Wednesday, July 25, 2012

Busted ex-Assemblyman called witness in bribery case minutes after he was released on $1M bail
Last Updated: 2:56 PM, July 25, 2012
Posted: 1:08 PM, July 25, 2012

Only minutes after he was released on $1 million bail yesterday, a former New York state legislator called an FBI informant at the center of his bribery case in what appeared to be a possible attempt to obstruct justice, officials said today.
Jimmy Meng, 68, a former Assemblyman who was the first Asian-American to serve in the New York Legislature, reached out to the associate shortly after walking out of the Brooklyn federal courthouse after his arrest by the FBI - even though laws and bail restrictions bar contact with witnesses in his influence-peddling case.
Gregory P. Mango
Jimmy Meng leaves federal court after being arraigned Tuesday.
"Mr. Meng, at approximately 5:48 pm yesterday,...contacted the cooperating witness in the case. That is extremely troubling," Assistant US Attorney Marisa Seifan told a judge today.
"We also believe that an associate of [Meng's] also reached out to the cooperating witness," Seifan said at a court hearing.

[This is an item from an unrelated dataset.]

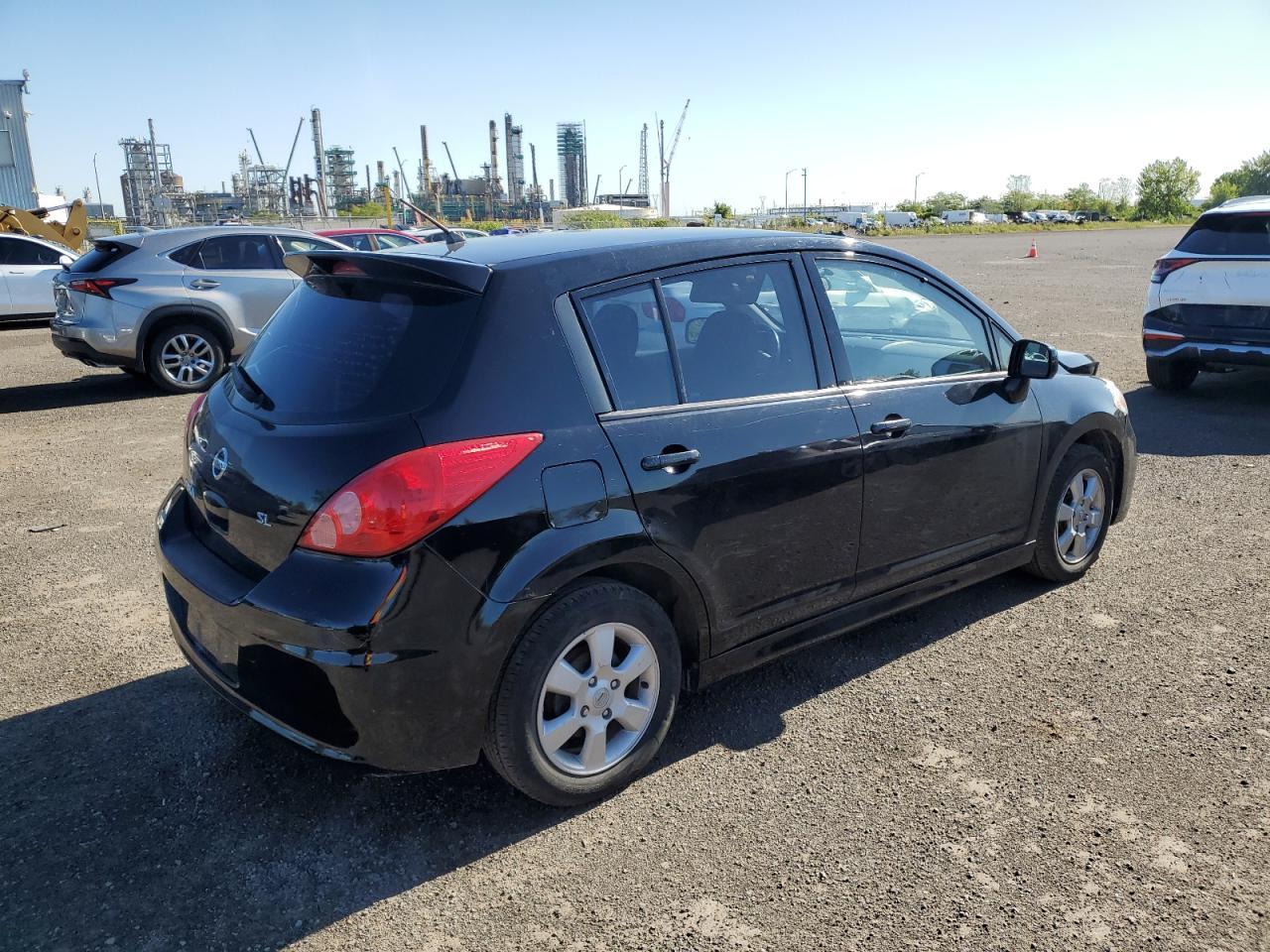 2011 Nissan Versa S - Image 3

After hearing of Meng's efforts to speak with the FBI informant, Magistrate Judge Cheryl Pollak told the former Queens pol that such conduct violates bail restrictions and could be tantamount to witness tampering or obstruction of justice - which are federal crimes.
"Mr. Meng, it is violation of the bond to threaten or influence the testimony of anyone involved in your case," the judge said from the bench.
"If you do it again, you're going to go into jail. Because if I find out that the witness feels intimidated, you're going into custody," Pollak said.
Asked if he understood the warning, Meng whispered, "yes, yes," and hung his head low.
The former legislator - who who served in the Assembly from 2005-2006 and represented Flushing, Queens - is facing charges that solicited $80,000 in bribes from the associate, in exchange for promises that he could make a tax fraud case against his friend disappear - or at least could deliver a reduced sentence by bribing prosecutors in the Manhattan District Attorney's Office.
But the associate began secretly working with Brooklyn federal prosecutors and FBI agents probing public corruption and surreptitiously recorded tapes of Meng discussing his bribery scheme, officials say.
Brooklyn federal prosecutors do not believe that Meng ever contacted officials from the Manhattan District Attorney's Office to offer a bribe in his friend's tax fraud case was bona fide.
Instead, it appears that Meng was poised simply to cheat his unsuspecting friend out of the money - without delivering on his promises to get the tax case dropped, officials say.
FBI agents arrested Meng yesterday on wire fraud charges after the associate delivered a fruit basket containing several thousand dollars in illicit payments to the former lawmaker's lumber yard.
His arrest is clearly an unwelcome development at a time when his daughter is busy mounting her campaign to win a congressional seat in eastern Queens, where she's running as the Democratic candidate.
Grace Meng - a state Assemblywoman now competing for the seat against city councilman Dan Halloran, a Republican - said in a statement yesterday that she had no knowledge of her father's alleged actions.
Today after appearing at the brief bail hearing, Meng emerged from the federal courthouse accompanied by his wife, but said nothing when asked by reporters about his call to the FBI informant at the center of his bribery case.